Meticulously researched, broad in its historical scope, Jacks and Jokers (QUP, 2014), the second books in Matthew Condon’s examination of police corruption in Queensland from the late 1950s to the late 1980s, is among a wave of recent books that have redefined the craft of Australian true crime writing (John Safran’s Murder in Mississippiand Anna Krien’s Night Games, are two others).
Indeed, the label ‘true crime’ almost doesn’t seem a fitting way to describe what Condon has done in Jacks and Jokers or the first instalment, Three Crooked Kings (2013). The books almost form an alternative history of a period of Queensland’s development that has been much talked about and often parodied, but little known or understood, both in and outside of the Sunshine State.
As was the case with Three Crooked Kings, the narrative spine of Jacks and Jokers is the career of Terry Lewis. Lewis joined the Queensland police force at twenty and rose to be commissioner before the Fitzgerald Inquiry in the late 80s or, as it was formally known, The Commission of Inquiry into Possible Illegal Activities and Associated Police Misconduct, which led to his trial and conviction on various charges, including accepting vast amounts in bribes to protect vice and illegal gambling.

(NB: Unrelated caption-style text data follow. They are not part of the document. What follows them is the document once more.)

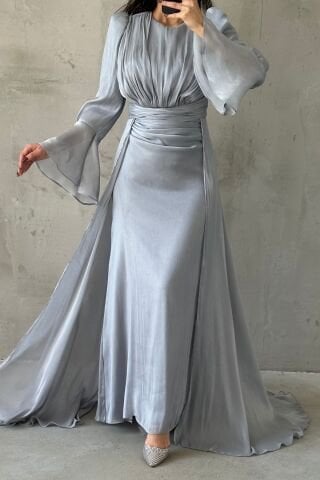 Drape Ve Pelerin Detaylı Janjan Tesettür Abiye Gri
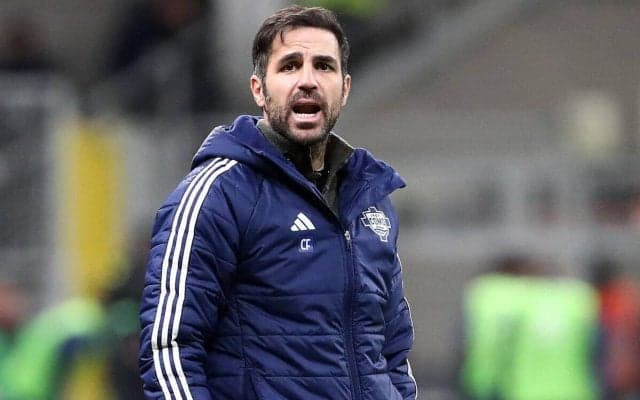 「バスが待ってくれるなら話したい」コモで指揮官1年目のセスク監督、立ちはだかったインテル指揮官の教え望む「学んで成長するため」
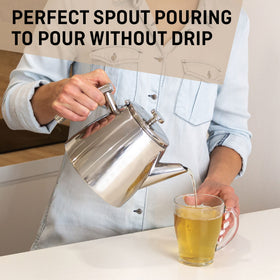 Double-wall VeoHome teapot keeps tea warm longer for leisurely sips.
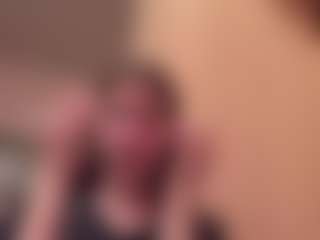 Thea's Live Sex Cam Show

Condon begins Jacks and Jokers in 1976 with the aftermath of the rape of sex worker Mary Anne Brifman, daughter of brothel madam Shirley Brifman, whose illegal activities were detailed in Condon’s earlier book. Shirley Brifman was found dead of a drug overdose in March 1972 and the incident ruled a ‘suicide’, despite suspicious circumstances around her death and the fact she had turned whistle blower on the corrupt cops who had provided protection in exchange for money. Mary Anne only discovered after the fact that her rapist was a Queensland police officer who was never prosecuted for the crime.